What is expected: In the entries below, locate the line with "Mobile Porta TV", then give again that line and all lines after it, exactly, with pictures omitted.

Data supplied:
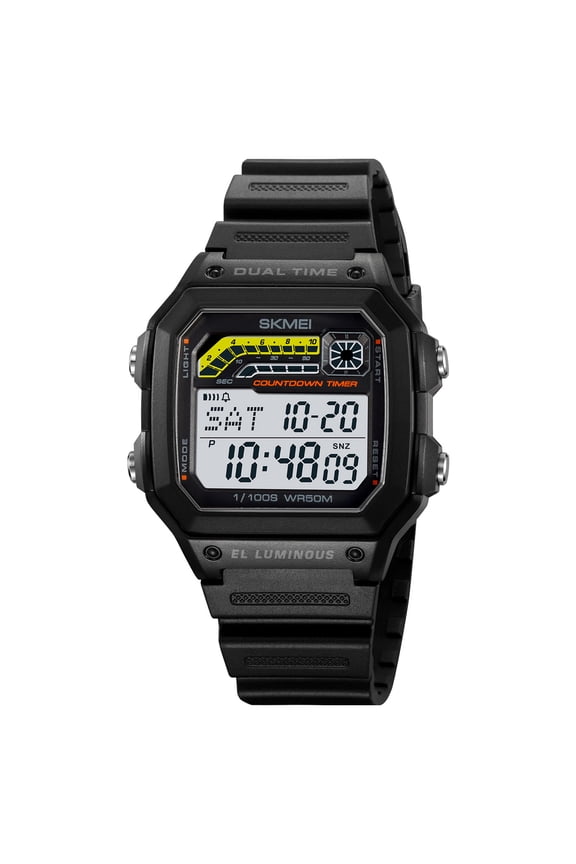 Men's Digital Multi-Function Watches Dual Time Alarm Stopwatch Countdown Backlight Waterproof Watch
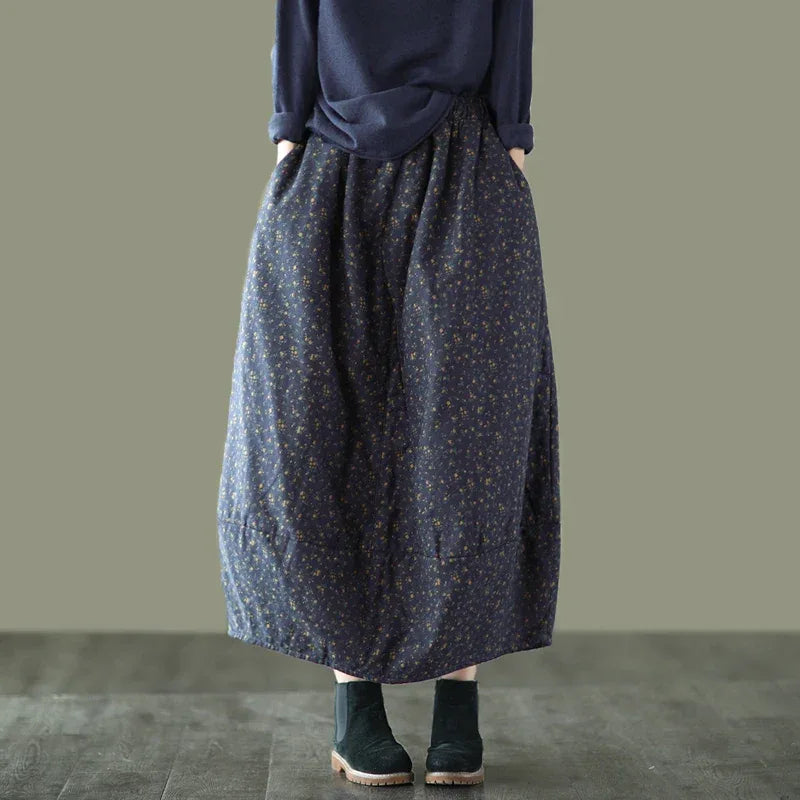 Careaymade New Autumn Winter Print Cotton Skirt Women Elastic Waist Thick Warm Long Skirts Female Loose Vintage Skirts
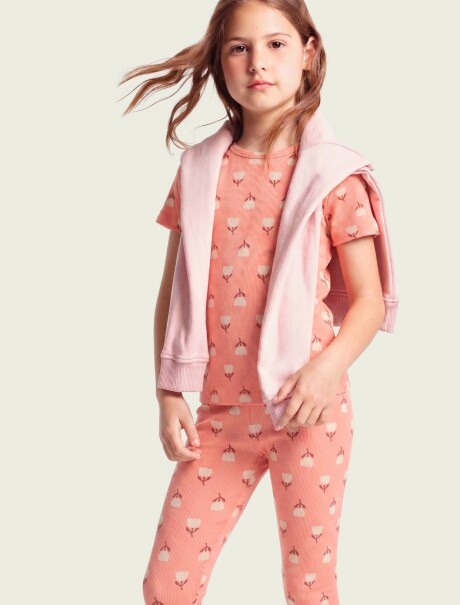 CALZA BÁSICA CON ESTAMPADO EN TELA ACANALADA ROSADO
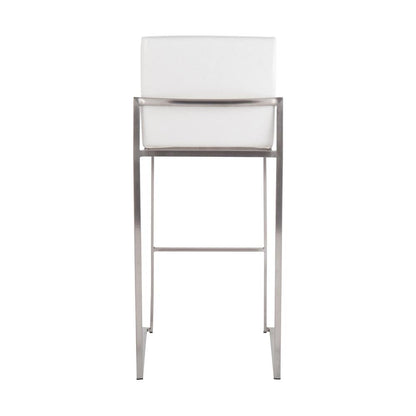 Stainless Steel, White PU Fuji High Back Barstool - Set of 2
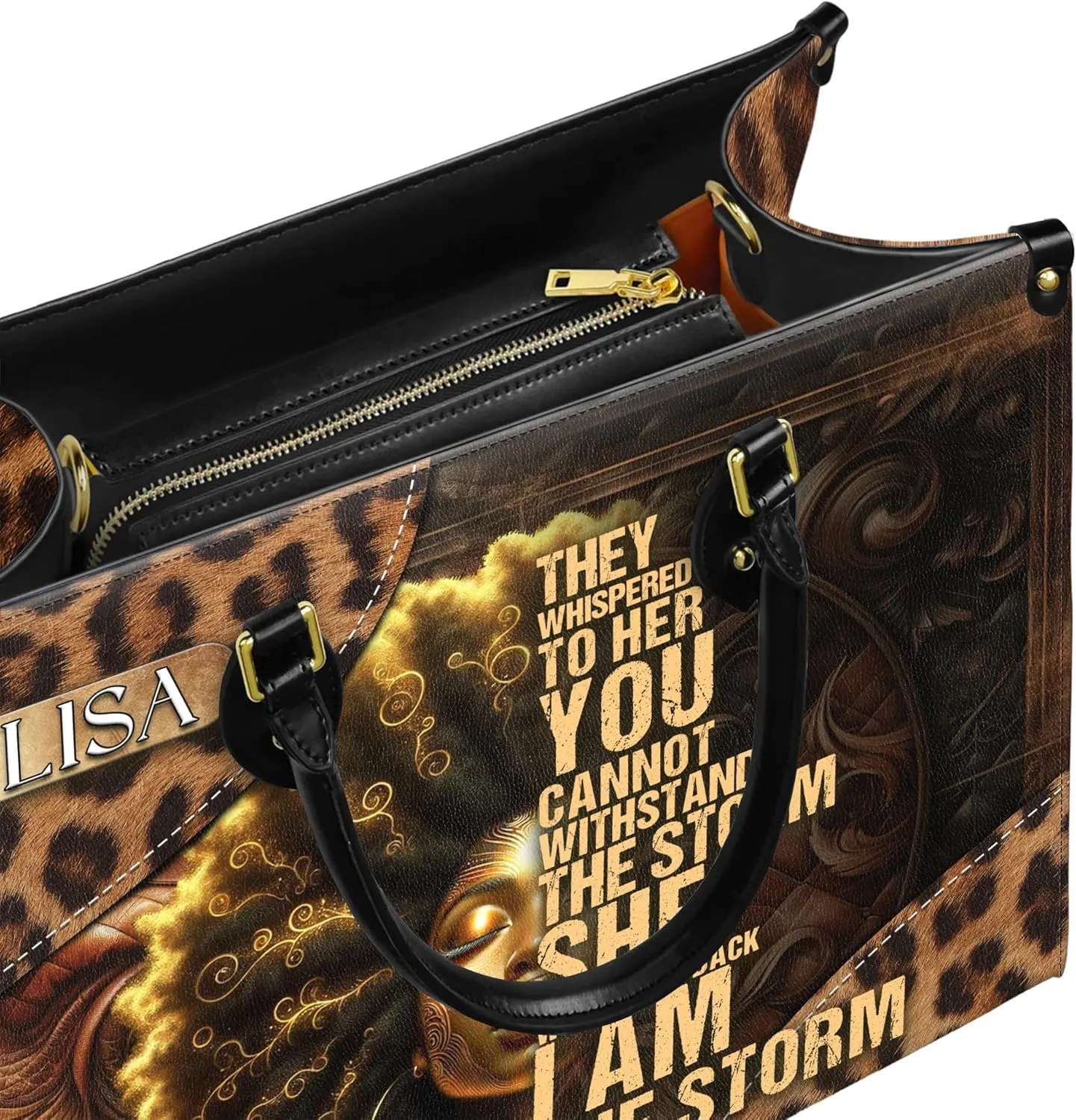 Personalized Leather Handbag with Zipper for African American Woman, Custom Purses Gift For Black Women, Mother's Day Gift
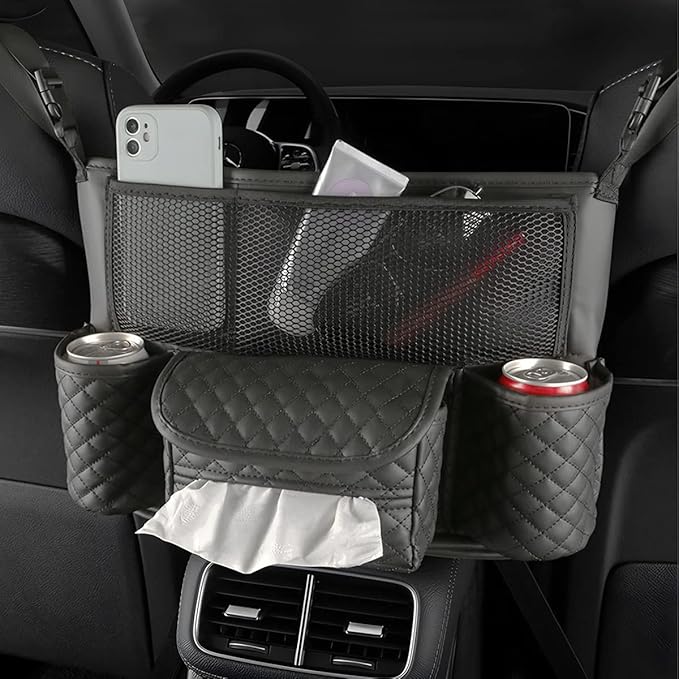 zipelo Car Handbag Holder Between Seats, PU Leather Multi-Pocket Large Capacity Purse Holder, Auto Net Bag Barrier of Backseat Pet Kids, Car Seat Organizers and Storage for Cargo Tissue Cup (Black)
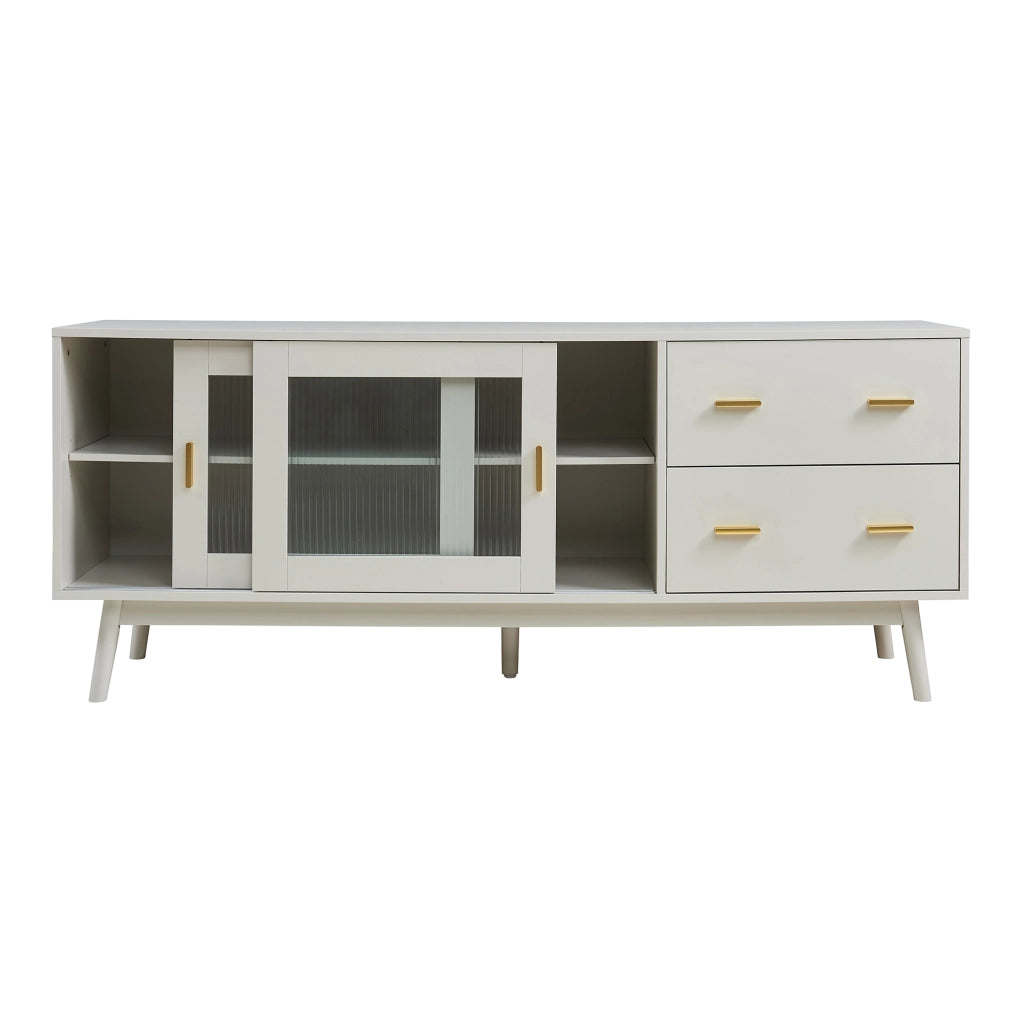 Mobile Porta TV Susa con Cassetti e Ante Scorrevoli in Vetro Scanalato 160x40x65 cm Beige [en.casa]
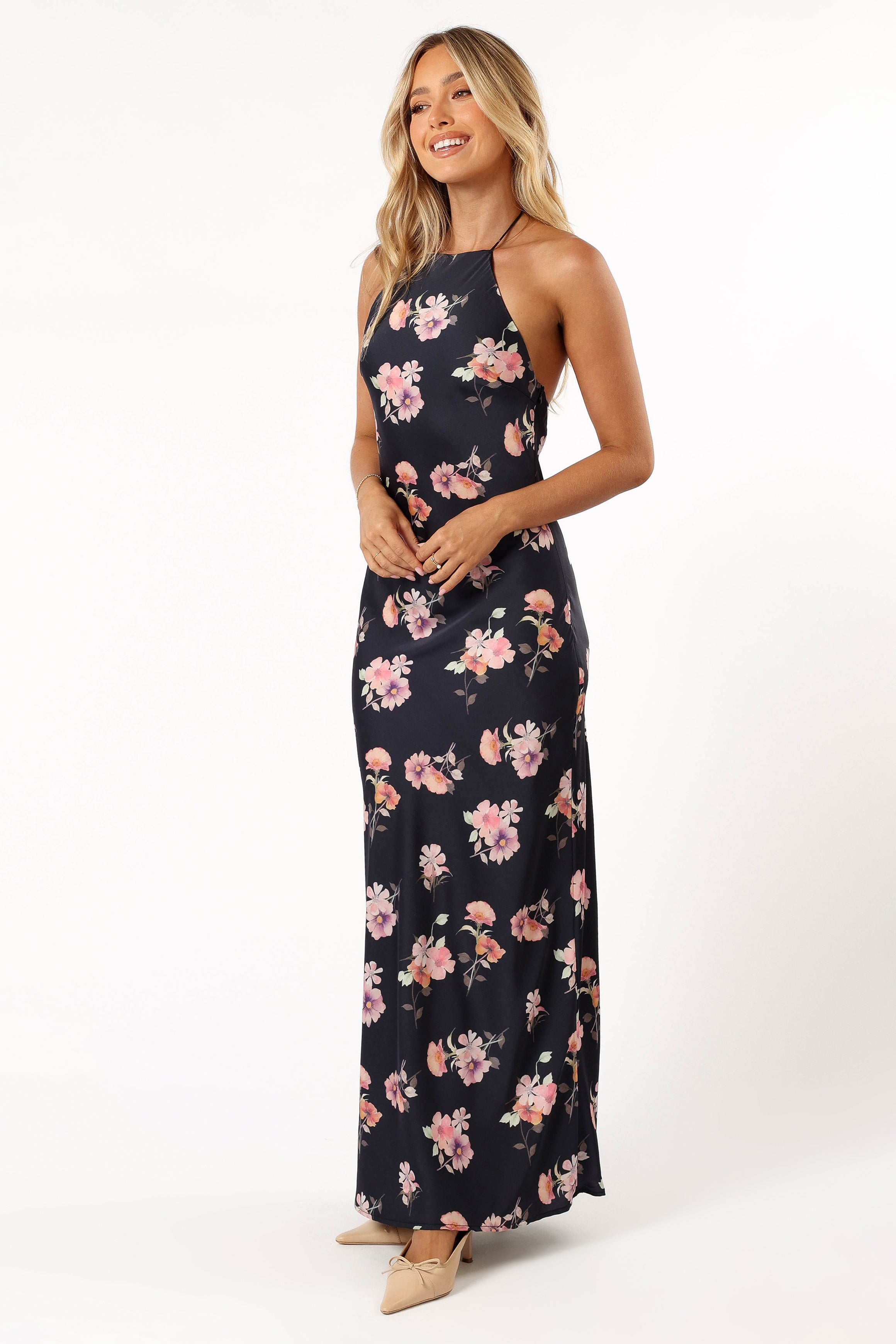 Hadley Halterneck Maxi Dress - Black Floral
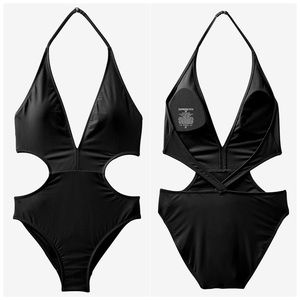 Express Plunge Front Monokini (Black)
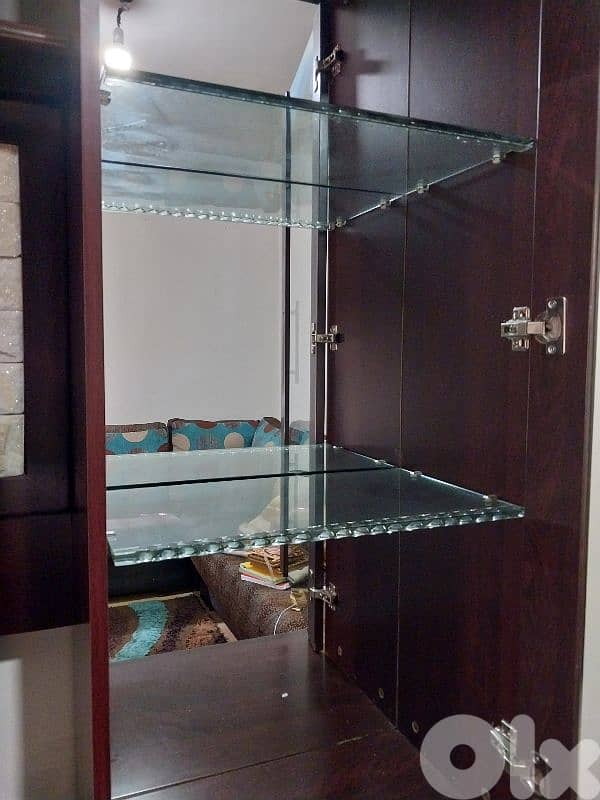 Dark Wood TV Unit with Stone Back Panel & Storage 5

Solution for this task:
 Mobile Porta TV Susa con Cassetti e Ante Scorrevoli in Vetro Scanalato 160x40x65 cm Beige [en.casa]
 Hadley Halterneck Maxi Dress - Black Floral
 Express Plunge Front Monokini (Black)
 Dark Wood TV Unit with Stone Back Panel & Storage 5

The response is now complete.